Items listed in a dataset
========================

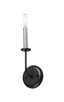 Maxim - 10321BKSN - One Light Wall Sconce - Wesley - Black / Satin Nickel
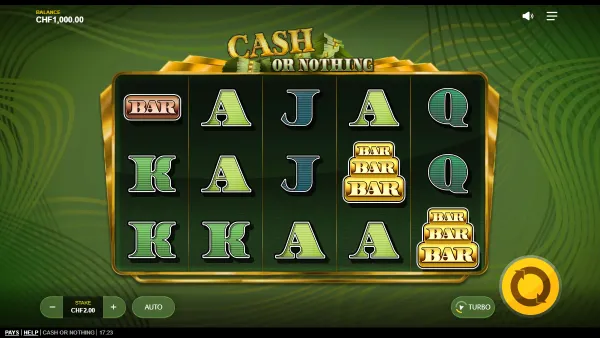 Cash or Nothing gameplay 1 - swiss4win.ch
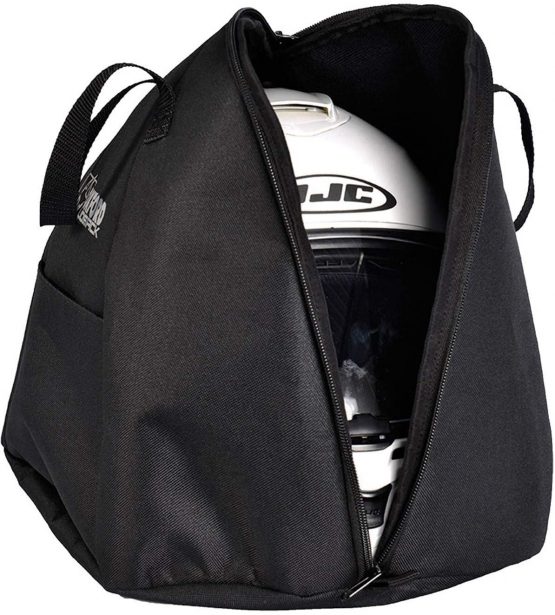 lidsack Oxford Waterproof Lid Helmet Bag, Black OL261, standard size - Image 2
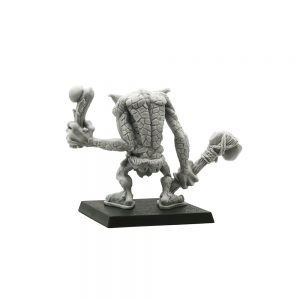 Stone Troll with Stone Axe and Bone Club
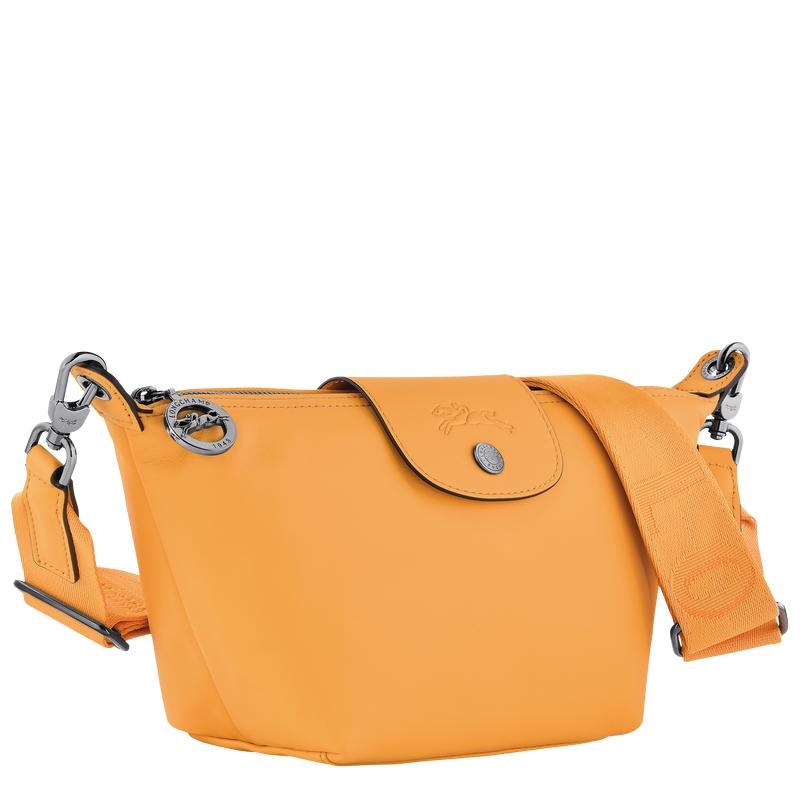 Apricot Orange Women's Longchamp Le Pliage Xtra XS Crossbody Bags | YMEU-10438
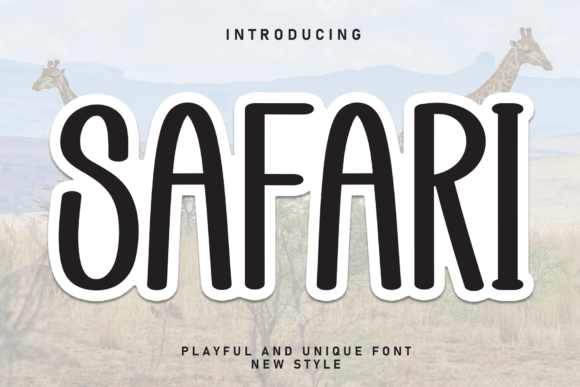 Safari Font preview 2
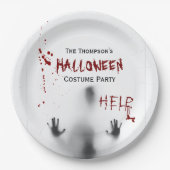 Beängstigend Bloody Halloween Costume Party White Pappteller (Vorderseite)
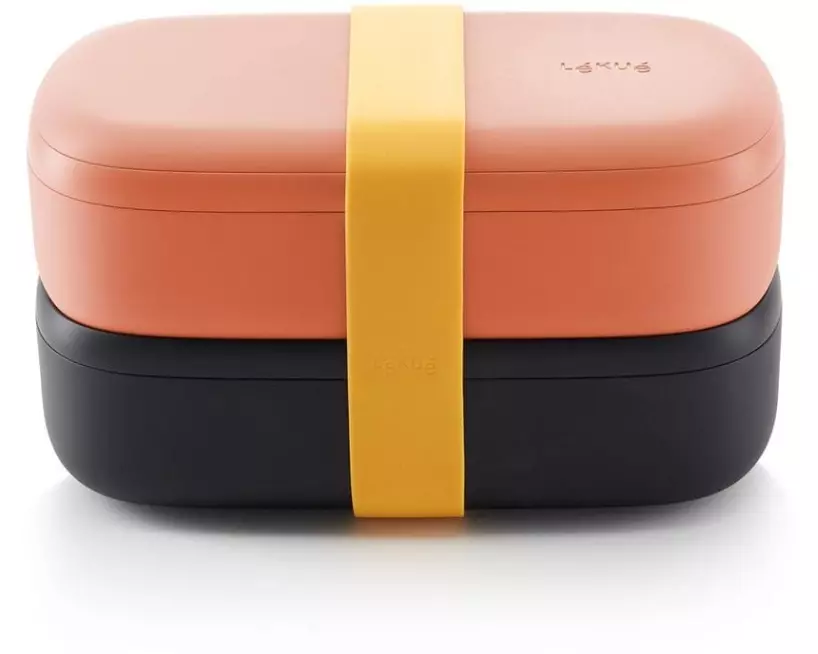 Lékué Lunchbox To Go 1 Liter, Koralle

========================

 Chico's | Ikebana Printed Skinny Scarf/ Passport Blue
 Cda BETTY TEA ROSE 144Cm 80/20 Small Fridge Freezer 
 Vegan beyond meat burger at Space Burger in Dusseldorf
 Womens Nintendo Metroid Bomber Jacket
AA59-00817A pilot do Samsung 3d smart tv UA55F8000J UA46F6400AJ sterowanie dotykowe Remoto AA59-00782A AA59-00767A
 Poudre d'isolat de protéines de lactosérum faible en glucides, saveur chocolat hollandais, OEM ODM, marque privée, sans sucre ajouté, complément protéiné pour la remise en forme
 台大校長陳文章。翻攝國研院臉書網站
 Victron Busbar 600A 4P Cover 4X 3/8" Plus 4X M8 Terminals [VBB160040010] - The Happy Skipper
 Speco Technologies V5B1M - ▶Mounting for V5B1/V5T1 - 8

========================

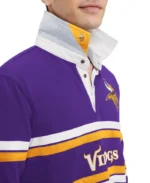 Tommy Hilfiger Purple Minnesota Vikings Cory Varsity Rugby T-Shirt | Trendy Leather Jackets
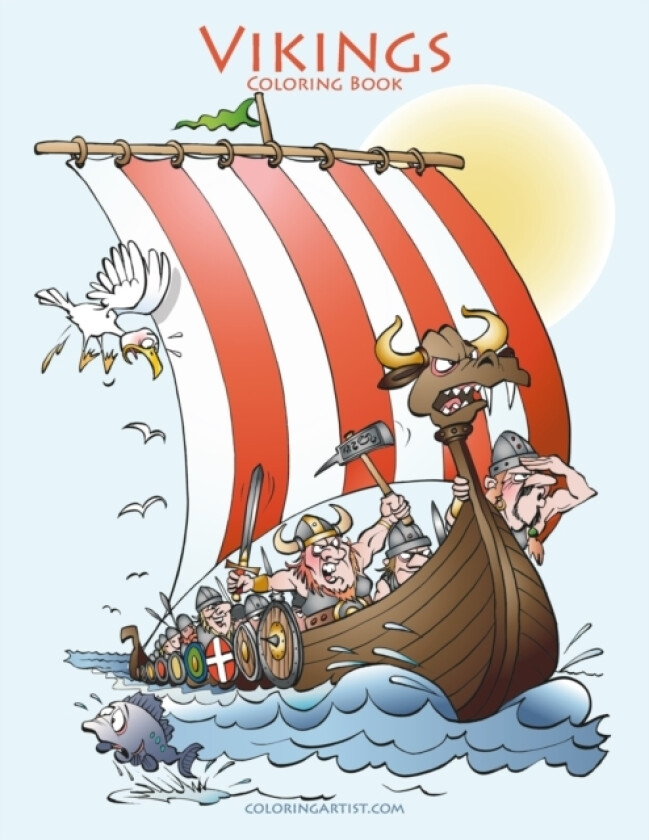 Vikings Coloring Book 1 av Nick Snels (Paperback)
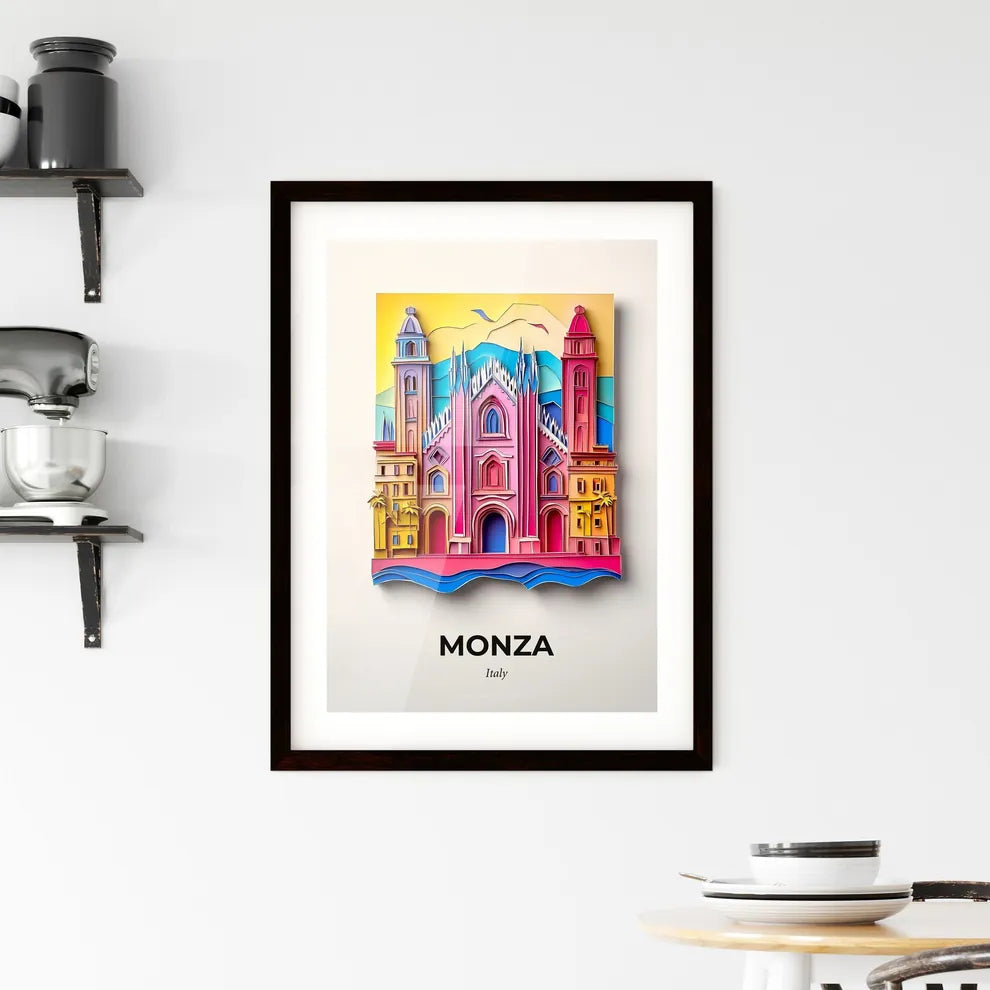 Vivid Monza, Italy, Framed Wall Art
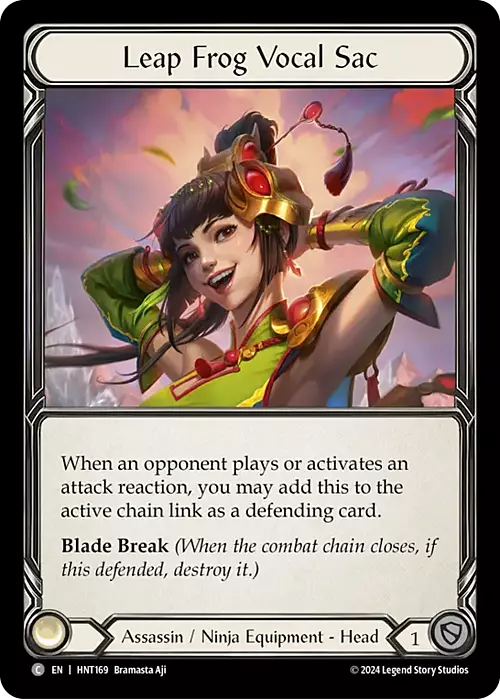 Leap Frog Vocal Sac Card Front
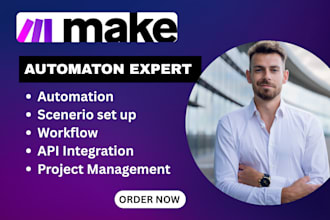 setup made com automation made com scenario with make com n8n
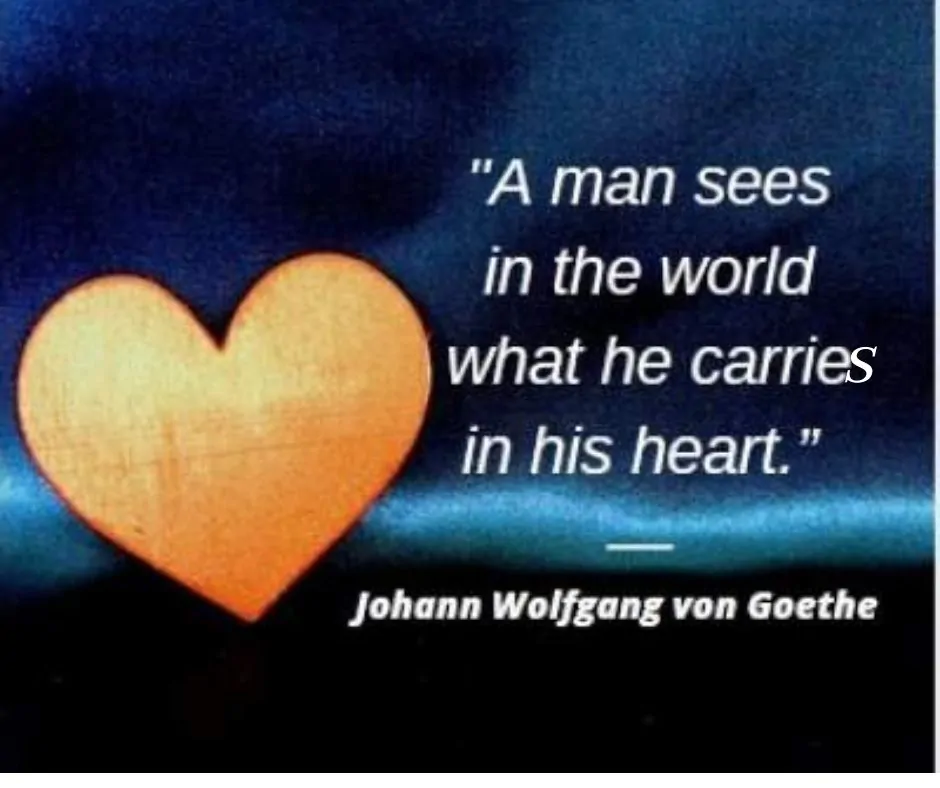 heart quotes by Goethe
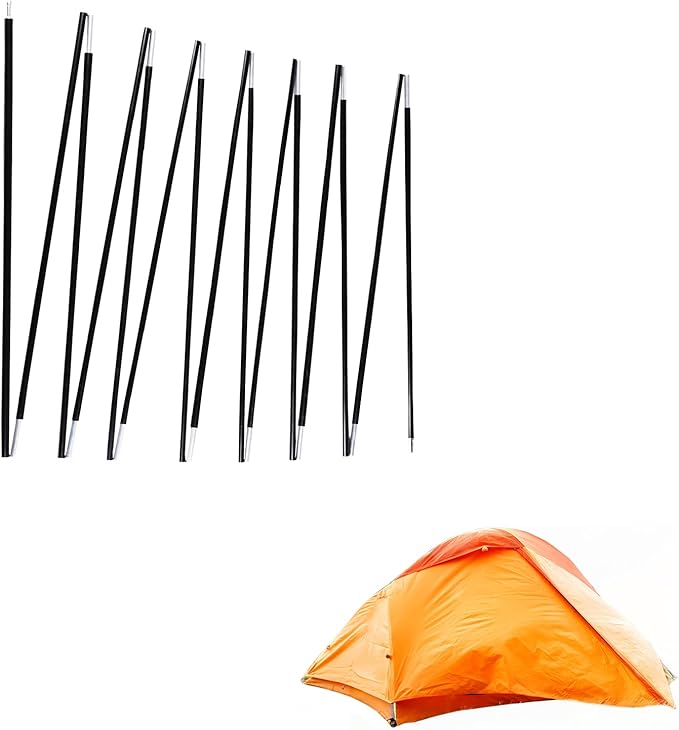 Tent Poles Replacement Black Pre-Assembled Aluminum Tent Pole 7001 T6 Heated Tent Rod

========================

* _INSTRUCTIONS FOR THE TASK_
All that is wanted is the lines above between the one containing "Maxim - 10321BKSN" and the one containing "Apricot Orange Women's", inclusive, restated word for word, with pictures omitted.

* _RESPONSE BOX_
 Maxim - 10321BKSN - One Light Wall Sconce - Wesley - Black / Satin Nickel
 Cash or Nothing gameplay 1 - swiss4win.ch
 lidsack Oxford Waterproof Lid Helmet Bag, Black OL261, standard size - Image 2
 Stone Troll with Stone Axe and Bone Club
 Apricot Orange Women's Longchamp Le Pliage Xtra XS Crossbody Bags | YMEU-10438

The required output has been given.